02 Juni

Europa – Meditation Nr. 502

Das Nationalstaatsprinzip gehört längst zum Altmüll. (Teil I)

Über Nacht sind scheinbar eherne Vorbilder wie schüttere Kartenhäuser zerbröselt – atemberaubend schnell, aber mit viel tamtam. (Schon vergessen? – erst neulich: Mauerfall/Ende des Ostwestkonflikt/Ende des EINE-WELT-KONZEPTS – obwohl sie in der damaligen Wahrnehmung und politischen Großwetterlage als Langzeitphänomene angesehen wurden!)

Die sogenannte transatlantische Brüderschaft entpuppt sich bei Tageslicht als das, was sie wirklich immer war: ein knallhartes Zweckbündnis für die Interessen der amerikanischen Industrie und die Aktien der Börse.
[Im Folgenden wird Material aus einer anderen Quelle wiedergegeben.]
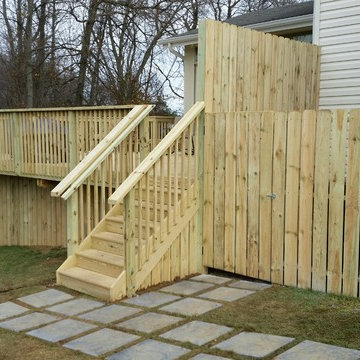 Custom multi-level deck with fire pit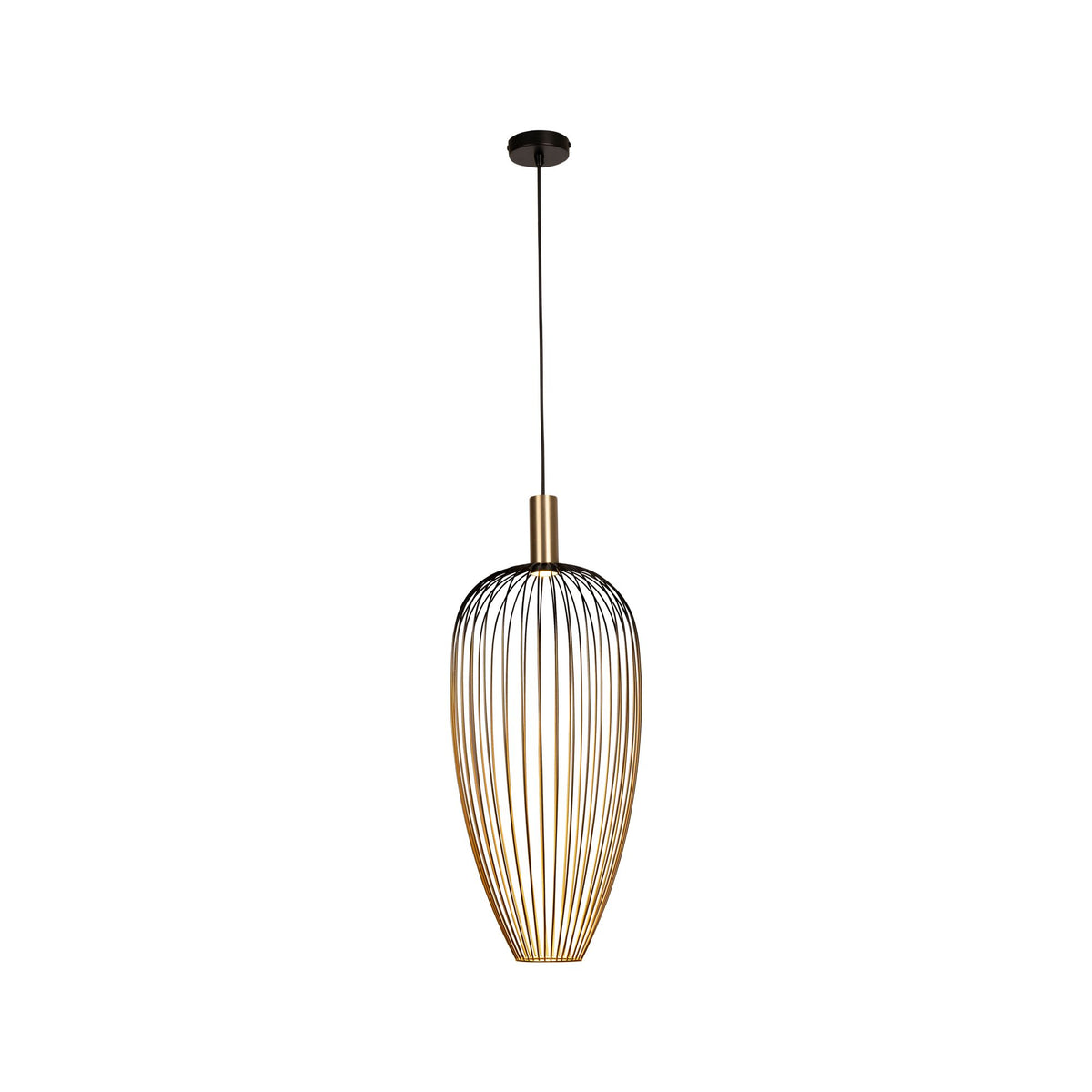 Pendelleuchte Aurelie mit Metallschirm Gold, Schwarz (2)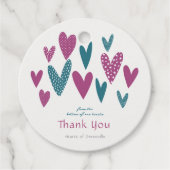 Hartelijk dank Harten Blauwgroen Magenta gunst Bedankjes Labels (Voorkant)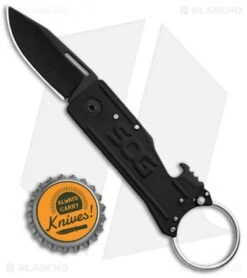 SOG Keytron Clip Point Folding Knife Key Chain Blackout (1.9" Black) KT1003-CP -Knife Center Shop SOG Keytron CP Key Chain Blackout Black KT1003 CP BHQ 104065 jr bottlecap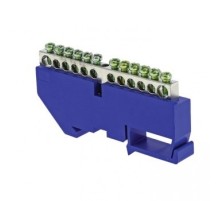 EKF sn1-63-12-d Шина "0" N (6x9 мм) 12 отв. никель синий изолятор на DIN-рейку EKF PROxima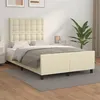 Image de vidaXL Cadre de lit avec tête de lit Crème 120x200 cm Similicuir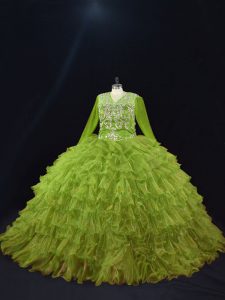 Olive Green Organza Lace Up Sweet 16 Quinceanera Dress Long Sleeves Floor Length Ruffled Layers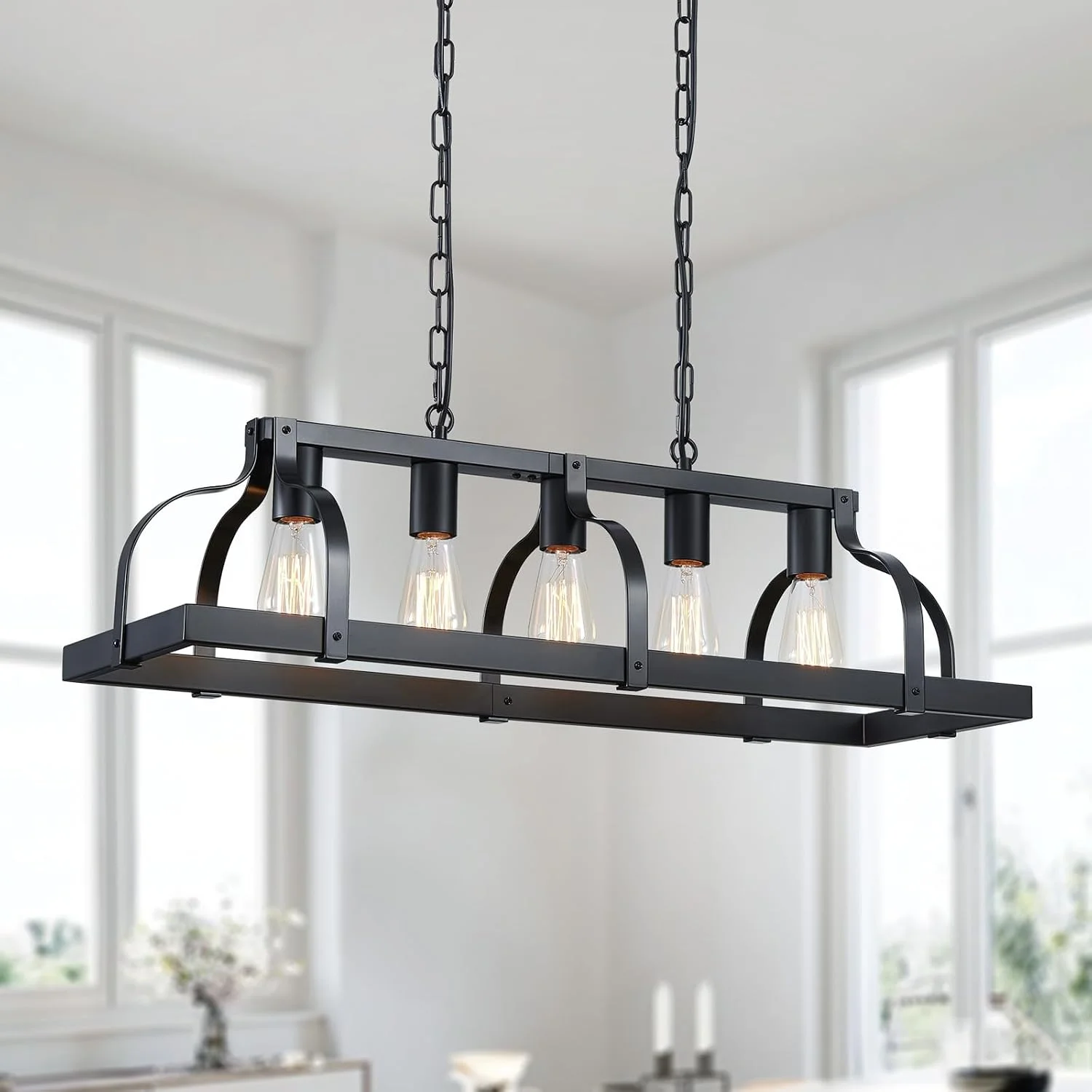 5-Light Metal Chandelier Imitation Wood Grain Linear Pendant Ceiling Lighting Rustic Farmhouse Fixture Kitchen - Image 8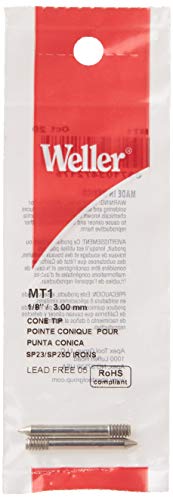 Image of Weller MT1 -.031 inch /.8 mm Conical Tip For SP23 / SP25 Series Irons, Black, Copper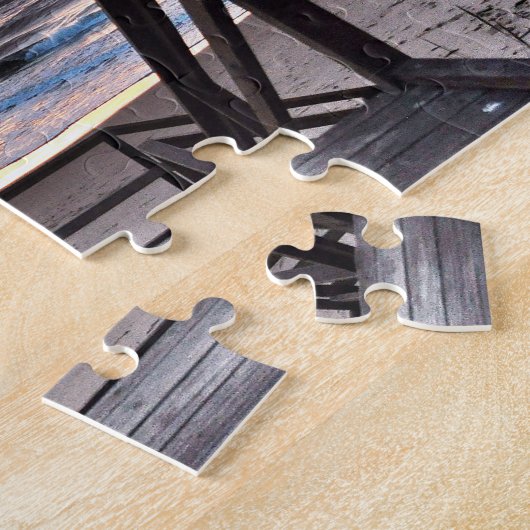 Puzzle Sunset Beach View from Rustic Wood Deck (Côté)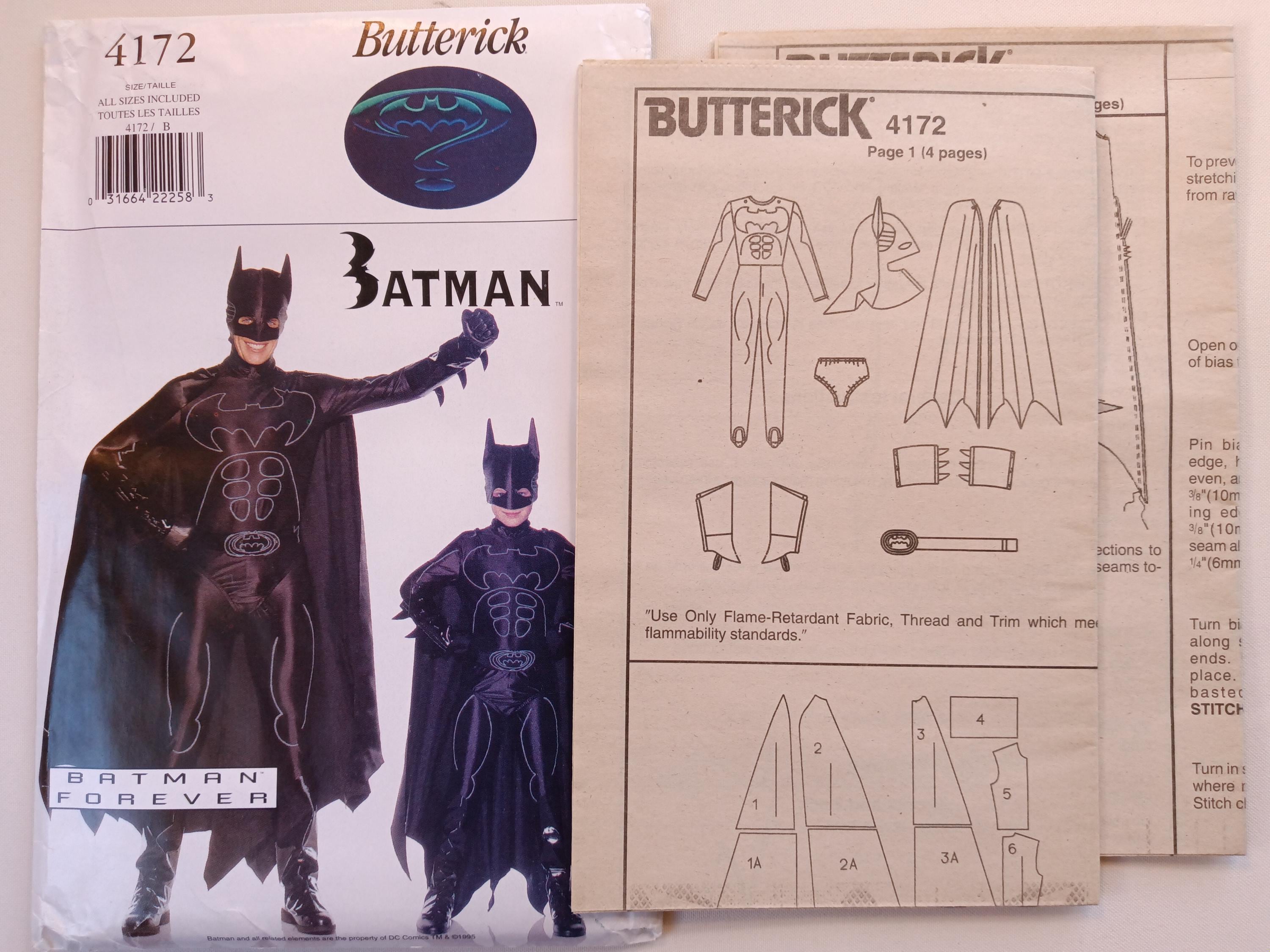 FF Butterick 4172 Boys BATMAN FOREVER Costume & Mask, halloween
Als die frommen Pilgrim-Väter aus dem feudal-protestantischen Europa in die „NEUE WELT“ flohen, wollten sie dort ein neues Jerusalem gründen – ohne Privilegien (vom Geld natürlich abgesehen, versteht sich von selbst) und in einer „splendid isolation“, um nicht vom alten Denken Europas infiziert zu werden. Sie hielt ihre weiße Haut wie ihr weißes Gewissen vor Gott und der Welt als einmalig. Ja, sie waren sich sogar sicher, dass ihr Gott sie auserwählt hatte, dieses neue, schier unendlich weite Land sich untertan zu machen – manifest destiiny – und alles, was sich dem nicht unterwerfen wollte, durfte im Namen dieser neuen Heilsbotschaft ausgemerzt werden.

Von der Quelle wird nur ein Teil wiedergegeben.